RJL, February 6, 1965:
I am equally surprised that seven of you lived on $619 in January. (I hope that you no longer have the responsibility of covering his over-drafts!) Was there no bonus this January? . . . The Warren Report dismisses any theory that JFK was the victim of a plot. But I confess that a different case can be constructed.
Myra, February 7, 1965:
At no moment since December 11th have I had even a flicker of regret over leaving or a beam of hope that I could ever live with him again. I am no longer (except spasmodically) angry or disgusted or outraged – my foremost emotion toward him is tiredness. I'm tired of trying to deal with him, tired of hearing the same stuff over and over again, tired of shaking off the clinging, whining, consuming dependence. Tired tired tired!!! And I wish I could decide what to do. If I were dealing with just a sorry marital situation, I would get a divorce and be done with it. But I am tangled with a psychiatric problem and such decisive action might threaten my economic security – there are so many decisions to make: where do I want to go to school: the U where I'd get a better education, or Winona State where I could live more comfortably in a small town – do I want to move or commute to either Minneapolis or Winona? Do I want a degree in education or library science? Do I want to stay in Rochester where all my friends are – or to a small town where cost of living is lower? Do I want to delay in the hope that I can live a few more months in The Millstone – or force the sale now so that I can find more suitable home? I am unable to find a solution for any of these problems – no, not unable to find a solution – to make a choice.
Myra, February 9, 1965:
I have got to force this situation. He called yesterday to say he was through “jumping through hoops,” that it was “high time I quit having my way” and that he was getting a divorce and keeping the house. When I saw Dick later yesterday I was still in a towering rage. He suggested that we are getting nowhere with this arrangement and that we should have a real separation –time to let the smoke clear. Which is of course what I intended this to be months ago – no more phone calls, no more meeting, no more cause for new and continuing anger. Such a separation might have saved this marriage if it seemed worth preserving later in the year. But until then I am not going to continue living with a small portion of my belongings in a house too small for seven people. Like it or not, I am going to force him to sell that house so that I can buy a house with the minimum amount of space for these boys to live in. So if I have to get a divorce in order to get adequate housing, I'll do it and be damned to a six-month wait." From Kip's 1965 diary: Found out Dad has been talking about Mom's reading. How it hurt the family! Christ. Didn't practice because of my headache.
Mom, February 11, 1965:
I'm so fed up with this mess that I don't want to speak of it. Nor am I even going to think of it today “I'll worry about it tomorrow” – like Scarlett.

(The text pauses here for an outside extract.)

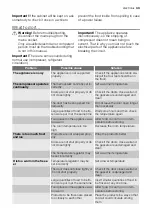 Preview for 43 page of Electrolux EUT10001W User Manual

A scrap of paper in Kip’s hand, the Pagan's playlist for a weekend gig:
Good Golly Miss Molly, Long Tall Sally, Roll Over Beethoven, Kansas City, Satisfaction, Stop Shakin' Your Head, Baba Yaga [those last two written by Kip], House Of The Rising Sun, Green Onions, Batman, Pagan, Boney Maroney, Matchbox, Hard Day's Night, Be-bop-a-lula, Boys, Rawhide, High Heeled Sneakers, Rumble, Rip It up, Sea Cruise, Wooly Bully, Dizzy Miss Lizzy, Bad Boy, and Route 66.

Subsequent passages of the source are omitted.